Small example snippet from my geographical listing (names changed for privacy):
#KEN##GEOJ#秋田県#GEONJ# Akita-ken 1
#SHI##GEOJ#横手市#GEONJ# Yokote-shi
SMITH, Cindy
#KEN##GEOJ#青森県#GEONJ# Aomori-ken 20
#SHI##GEOJ#青森市#GEONJ# Aomori-shi
ADAMS, Stephen & Kimiko
JONES, Luke
MCDONALD, Paul & Sara
#KEN# and #SHI# indicate a paragraph style to apply ("Geo prefecture" and "Geo city"), and #GEOJ# and #GEONJ# indicate the beginning and end of a character style ("Geo Japanese").

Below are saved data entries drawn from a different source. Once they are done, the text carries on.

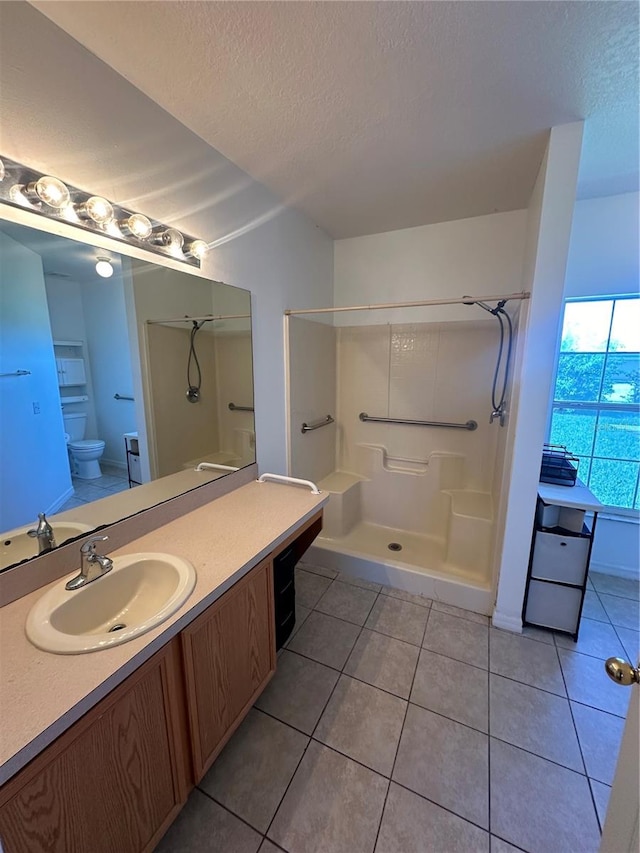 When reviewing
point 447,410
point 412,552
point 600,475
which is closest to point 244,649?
point 412,552

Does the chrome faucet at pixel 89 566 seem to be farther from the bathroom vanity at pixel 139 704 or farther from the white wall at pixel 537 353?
the white wall at pixel 537 353

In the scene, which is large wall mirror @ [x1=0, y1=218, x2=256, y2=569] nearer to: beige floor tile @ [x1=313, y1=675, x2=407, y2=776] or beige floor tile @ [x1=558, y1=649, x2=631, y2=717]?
beige floor tile @ [x1=313, y1=675, x2=407, y2=776]

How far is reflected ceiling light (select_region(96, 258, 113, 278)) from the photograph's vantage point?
1.23 meters

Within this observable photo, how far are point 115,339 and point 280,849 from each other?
70.9 inches

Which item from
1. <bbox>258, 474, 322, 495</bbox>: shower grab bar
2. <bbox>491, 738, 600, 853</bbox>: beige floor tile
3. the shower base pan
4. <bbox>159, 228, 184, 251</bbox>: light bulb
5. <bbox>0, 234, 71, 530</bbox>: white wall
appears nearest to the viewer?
<bbox>0, 234, 71, 530</bbox>: white wall

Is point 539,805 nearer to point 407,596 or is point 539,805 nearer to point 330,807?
point 330,807

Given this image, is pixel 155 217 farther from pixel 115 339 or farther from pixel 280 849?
pixel 280 849

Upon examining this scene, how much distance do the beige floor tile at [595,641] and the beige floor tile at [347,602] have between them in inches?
40.9

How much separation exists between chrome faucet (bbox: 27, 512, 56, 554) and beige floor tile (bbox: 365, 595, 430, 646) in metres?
1.63

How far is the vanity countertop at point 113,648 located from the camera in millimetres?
670

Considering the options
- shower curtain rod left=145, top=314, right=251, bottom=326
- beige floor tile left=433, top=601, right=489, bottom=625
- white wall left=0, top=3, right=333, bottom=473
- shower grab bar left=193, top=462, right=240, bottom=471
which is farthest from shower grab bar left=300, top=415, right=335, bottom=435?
beige floor tile left=433, top=601, right=489, bottom=625

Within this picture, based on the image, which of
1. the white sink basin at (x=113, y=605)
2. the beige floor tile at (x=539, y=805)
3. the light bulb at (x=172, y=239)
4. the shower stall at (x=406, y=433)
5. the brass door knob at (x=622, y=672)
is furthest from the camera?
the shower stall at (x=406, y=433)

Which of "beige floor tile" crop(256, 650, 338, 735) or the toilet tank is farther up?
the toilet tank

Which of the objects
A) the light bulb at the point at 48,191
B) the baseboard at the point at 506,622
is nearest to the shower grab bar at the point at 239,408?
the light bulb at the point at 48,191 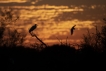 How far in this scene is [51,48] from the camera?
13648mm

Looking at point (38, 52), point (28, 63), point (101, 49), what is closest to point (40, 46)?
point (38, 52)

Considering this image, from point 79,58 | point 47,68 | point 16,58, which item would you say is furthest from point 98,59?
point 16,58

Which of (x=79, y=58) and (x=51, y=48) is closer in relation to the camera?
(x=79, y=58)

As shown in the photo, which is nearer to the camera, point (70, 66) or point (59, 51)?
point (70, 66)

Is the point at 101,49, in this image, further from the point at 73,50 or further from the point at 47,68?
the point at 47,68

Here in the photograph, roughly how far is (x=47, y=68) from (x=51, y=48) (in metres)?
1.37

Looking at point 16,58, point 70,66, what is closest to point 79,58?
point 70,66

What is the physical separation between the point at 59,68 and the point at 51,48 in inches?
55.4

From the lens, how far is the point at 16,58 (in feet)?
43.5

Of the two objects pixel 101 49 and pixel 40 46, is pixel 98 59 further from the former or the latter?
pixel 40 46

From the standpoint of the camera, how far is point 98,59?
1260 centimetres

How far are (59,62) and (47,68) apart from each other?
0.43 m

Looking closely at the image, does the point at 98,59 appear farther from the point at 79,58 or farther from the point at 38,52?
the point at 38,52

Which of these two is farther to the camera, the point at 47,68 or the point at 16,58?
the point at 16,58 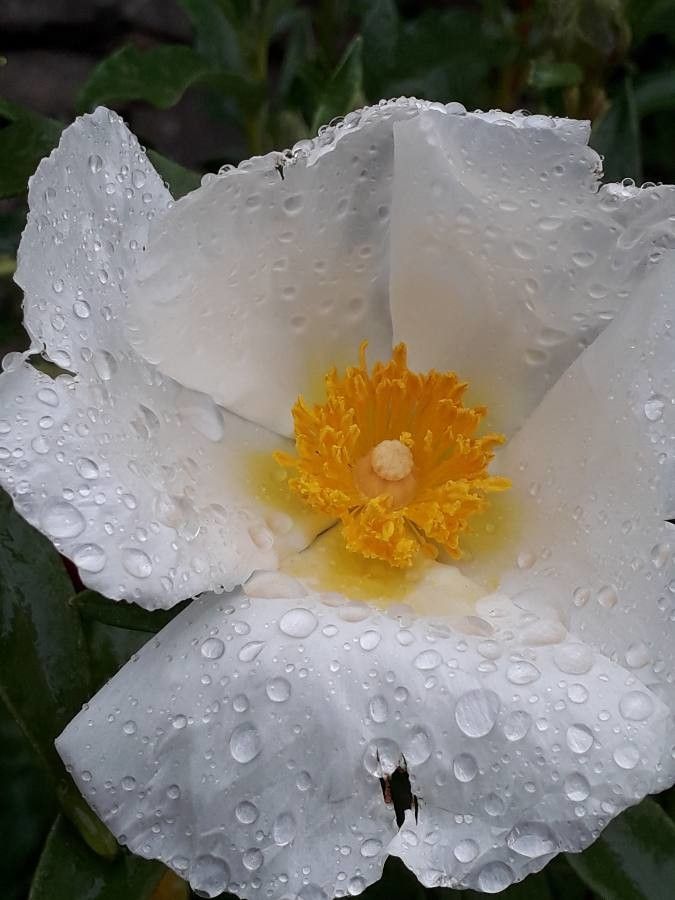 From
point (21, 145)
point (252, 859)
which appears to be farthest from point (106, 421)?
point (21, 145)

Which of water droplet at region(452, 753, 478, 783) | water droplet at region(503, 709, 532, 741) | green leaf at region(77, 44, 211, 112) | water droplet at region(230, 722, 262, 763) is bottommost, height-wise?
water droplet at region(452, 753, 478, 783)

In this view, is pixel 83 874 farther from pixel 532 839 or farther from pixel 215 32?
pixel 215 32

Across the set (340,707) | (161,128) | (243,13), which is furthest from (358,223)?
(161,128)

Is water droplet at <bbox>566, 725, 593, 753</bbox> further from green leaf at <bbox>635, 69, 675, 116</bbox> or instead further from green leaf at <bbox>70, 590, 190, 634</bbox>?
green leaf at <bbox>635, 69, 675, 116</bbox>

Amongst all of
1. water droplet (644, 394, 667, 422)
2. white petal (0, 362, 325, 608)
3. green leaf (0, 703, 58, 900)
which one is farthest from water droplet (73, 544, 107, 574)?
green leaf (0, 703, 58, 900)

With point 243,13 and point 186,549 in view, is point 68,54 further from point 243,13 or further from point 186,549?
point 186,549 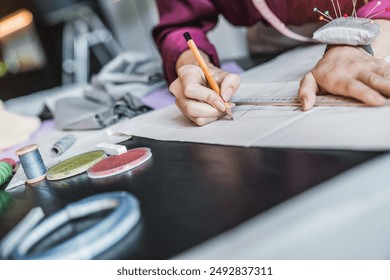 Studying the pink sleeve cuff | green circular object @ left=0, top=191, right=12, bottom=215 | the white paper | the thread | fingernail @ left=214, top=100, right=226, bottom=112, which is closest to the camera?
the white paper

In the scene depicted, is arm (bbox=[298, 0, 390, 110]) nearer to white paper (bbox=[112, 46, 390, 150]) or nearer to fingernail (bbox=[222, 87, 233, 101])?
white paper (bbox=[112, 46, 390, 150])

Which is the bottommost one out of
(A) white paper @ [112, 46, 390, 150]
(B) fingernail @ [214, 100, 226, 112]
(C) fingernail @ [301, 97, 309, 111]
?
(A) white paper @ [112, 46, 390, 150]

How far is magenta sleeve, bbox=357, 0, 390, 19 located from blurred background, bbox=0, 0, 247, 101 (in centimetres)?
246

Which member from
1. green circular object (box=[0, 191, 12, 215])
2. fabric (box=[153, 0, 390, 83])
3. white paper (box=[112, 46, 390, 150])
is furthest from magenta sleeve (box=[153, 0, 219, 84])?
green circular object (box=[0, 191, 12, 215])

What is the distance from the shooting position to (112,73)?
159cm

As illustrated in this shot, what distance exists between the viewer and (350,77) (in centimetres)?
68

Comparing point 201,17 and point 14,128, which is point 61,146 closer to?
point 14,128

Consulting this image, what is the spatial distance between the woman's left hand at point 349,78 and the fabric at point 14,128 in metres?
0.90

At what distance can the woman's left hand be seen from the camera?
2.05 feet

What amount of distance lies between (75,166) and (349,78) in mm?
481

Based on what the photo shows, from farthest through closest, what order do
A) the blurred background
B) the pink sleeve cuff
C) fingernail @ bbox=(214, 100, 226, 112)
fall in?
the blurred background → the pink sleeve cuff → fingernail @ bbox=(214, 100, 226, 112)

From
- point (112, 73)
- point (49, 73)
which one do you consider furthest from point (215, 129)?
point (49, 73)

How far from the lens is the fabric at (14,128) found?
1264mm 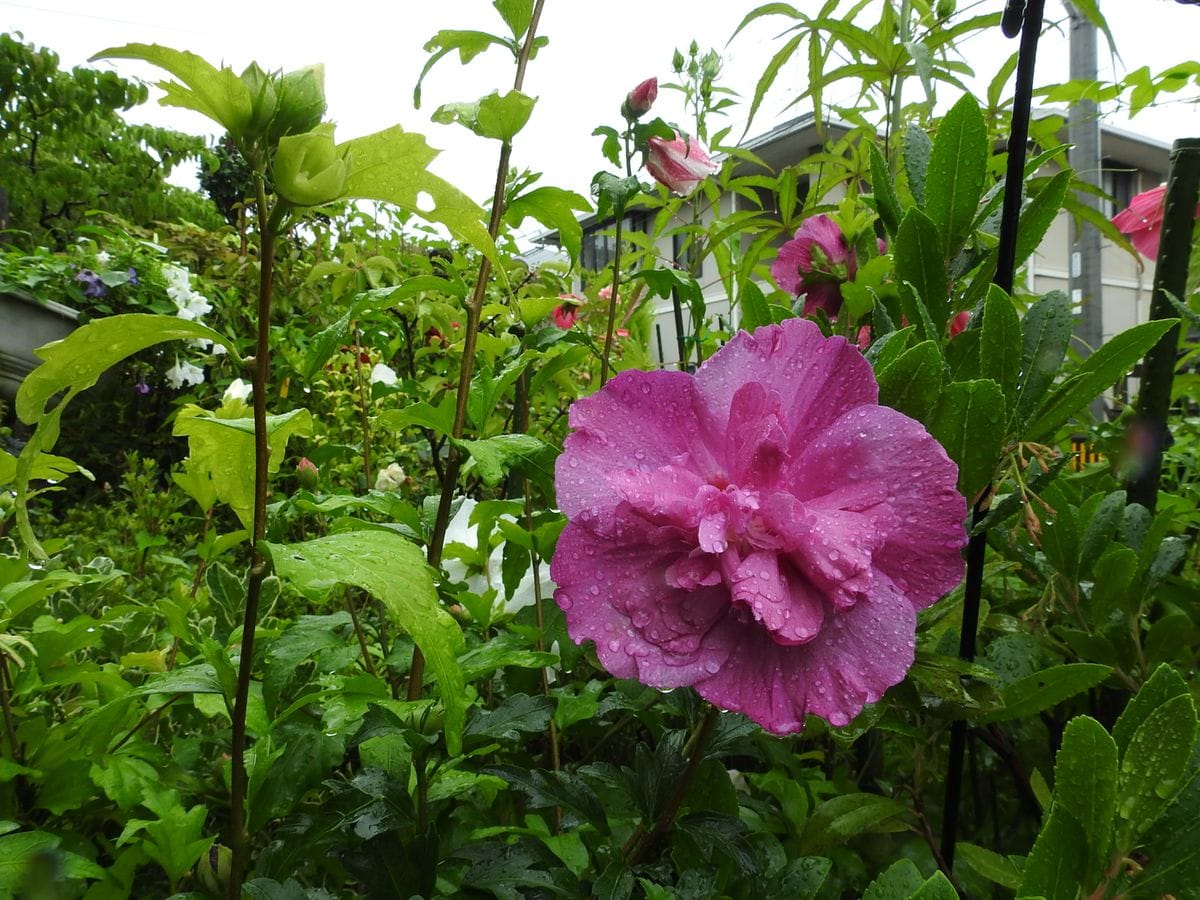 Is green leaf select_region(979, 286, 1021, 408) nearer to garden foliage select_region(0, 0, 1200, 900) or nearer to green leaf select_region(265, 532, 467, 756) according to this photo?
garden foliage select_region(0, 0, 1200, 900)

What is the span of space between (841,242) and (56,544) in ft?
2.78

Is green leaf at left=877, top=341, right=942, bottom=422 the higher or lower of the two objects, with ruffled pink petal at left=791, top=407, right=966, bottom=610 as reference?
higher

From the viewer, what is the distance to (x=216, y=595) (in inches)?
29.6

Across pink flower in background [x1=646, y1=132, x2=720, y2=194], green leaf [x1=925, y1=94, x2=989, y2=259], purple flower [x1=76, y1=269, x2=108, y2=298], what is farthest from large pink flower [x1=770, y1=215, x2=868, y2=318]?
purple flower [x1=76, y1=269, x2=108, y2=298]

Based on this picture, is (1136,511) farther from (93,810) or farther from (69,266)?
(69,266)

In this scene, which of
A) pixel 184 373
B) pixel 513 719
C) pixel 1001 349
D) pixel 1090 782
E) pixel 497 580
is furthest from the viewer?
pixel 184 373

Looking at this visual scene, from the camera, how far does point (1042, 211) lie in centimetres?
46

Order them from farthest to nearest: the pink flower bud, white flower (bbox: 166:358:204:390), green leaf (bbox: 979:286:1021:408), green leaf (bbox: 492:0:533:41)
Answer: white flower (bbox: 166:358:204:390), the pink flower bud, green leaf (bbox: 492:0:533:41), green leaf (bbox: 979:286:1021:408)

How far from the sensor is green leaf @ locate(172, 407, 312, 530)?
0.47 metres

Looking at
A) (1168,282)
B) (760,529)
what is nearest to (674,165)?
(1168,282)

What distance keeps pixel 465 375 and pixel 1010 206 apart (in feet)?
1.34

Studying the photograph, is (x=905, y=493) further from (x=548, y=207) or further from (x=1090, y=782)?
(x=548, y=207)

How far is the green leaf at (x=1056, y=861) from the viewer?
308 millimetres

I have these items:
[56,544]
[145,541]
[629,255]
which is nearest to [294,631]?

Yes, I can manually do the necessary operations (text searches for the paragraph style ones and a GREP search for the character style), and I did that for some parts of last year's directory. But the number of needed searches has increased this year, and it will be hard to remember from year to year how to do the searches (especially GREP). Is there a way to automate it? I don't mind scripting, although I'm new to scripting in InDesign.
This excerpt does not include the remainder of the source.